When we adopt the move to the conda-based world, we will lose the
ability to rebuild images older than rubinenv
since the conda solve
will not work. I propose we tag the final pip-based version and use
that if at some point we have to rebuild a version from before
rubinenv
landed.
Note that we will not be rebuilding historic images for newly-discovered security vulnerabilities in the stack packages. The RSP by design provides its users with arbitrary code execution in the Notebook Aspect, so the rest of the infrastructure already needs to be secured against the notebook. Notebook environments will be run with restricted capabilities and privileges to limit their ability to attack the hosting infrastructure.

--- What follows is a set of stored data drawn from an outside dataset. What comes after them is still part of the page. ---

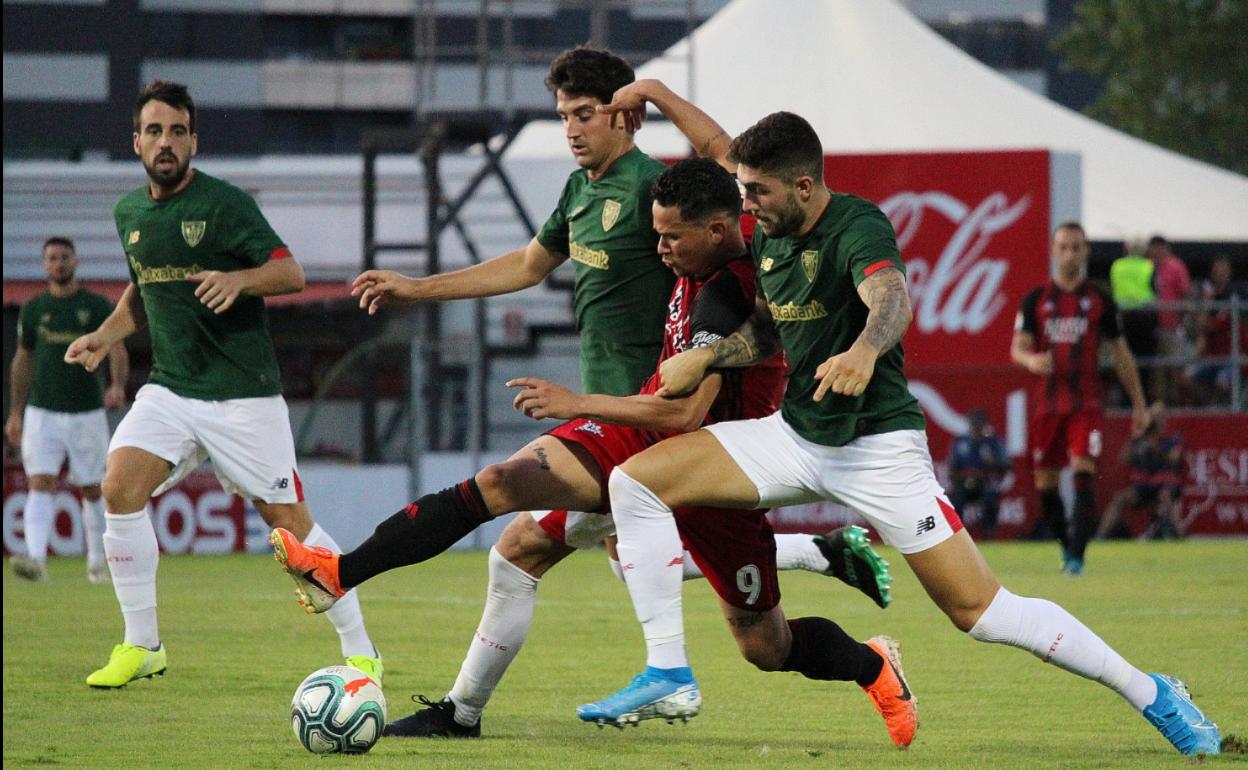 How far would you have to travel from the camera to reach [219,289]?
7617 millimetres

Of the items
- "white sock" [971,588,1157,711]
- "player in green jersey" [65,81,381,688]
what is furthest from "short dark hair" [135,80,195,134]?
"white sock" [971,588,1157,711]

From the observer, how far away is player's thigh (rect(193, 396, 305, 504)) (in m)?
8.01

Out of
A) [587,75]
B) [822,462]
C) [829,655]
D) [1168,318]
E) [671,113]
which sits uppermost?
[587,75]

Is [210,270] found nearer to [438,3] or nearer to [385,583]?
[385,583]

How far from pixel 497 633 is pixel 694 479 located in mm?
995

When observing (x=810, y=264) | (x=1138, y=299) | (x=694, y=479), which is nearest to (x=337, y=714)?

The scope of a security vulnerability in a historic image is therefore mostly limited to compromising the user’s notebook itself. Given the types of operations users are likely to perform with historic images (reproducing old results with a fixed version of the stack, not talking to malicious Internet sites or installing new, possibly-compromised software), this is an acceptable security risk given the important scientific objective of reproducibility of old results, which requires not upgrading software that’s part of the scientific stack.
6 Choosing a recommended¶
The spawner page for the RSP always provides a suggestion for which image to use when starting a container. We refer to this special image as the “Recommended Image.” When choosing a recommended image, it’s important to make sure that all of the various services and example notebooks work for that particular image. The process is described in detail here. At a high level, the steps are:
- Select a candidate weekly build
- Owners of any notebooks distributed with the RSP should check that they run without error to completion on all deployments where they will be supplied.
- The primary stakeholders then all sign off.
- Frossie as manager of the RSP
- Gregory as product owner of the RSP
- Leanne for CET
- Yusra for Science Pipelines
- During a maintenance window, e.g. “Patch Thursday”, devs will ensure the proposed recommended is pulled to nodes at all deployments and advance the recommended tag to the approved weekly image.
7 Conclusion¶
We don’t have much choice here. Modifying individual pins has become fraught with danger, and the environment in the RSP is continuing to diverge from the upstream stack. This will only get worse.
It makes no sense to try to construct a stack-equivalent Python
environment with pip
; if the stack uses conda
then the “system”
Python, if any, should too.
At the moment, we can install our additional packages quite cleanly onto
the stack with conda
and therefore a single-environment container
built with conda
is still much closer to the input Science
Pipelines stack environment than what we currently get by installing
our packages with pip
.
Thus, it’s my contention that we should collapse everything to just using the stack Python. If we run into something in the future where we need to separate the environment that runs Jupyterlab from the stack environment, we can clone the stack environment, or build a new conda environment from scratch, and run Jupyterlab in that environment. Right now that does not appear to be necessary, and the more nimble stack environment, combined with the slowdown of churn in Jupyterlab as it has matured, makes me hopeful that it will never be necessary.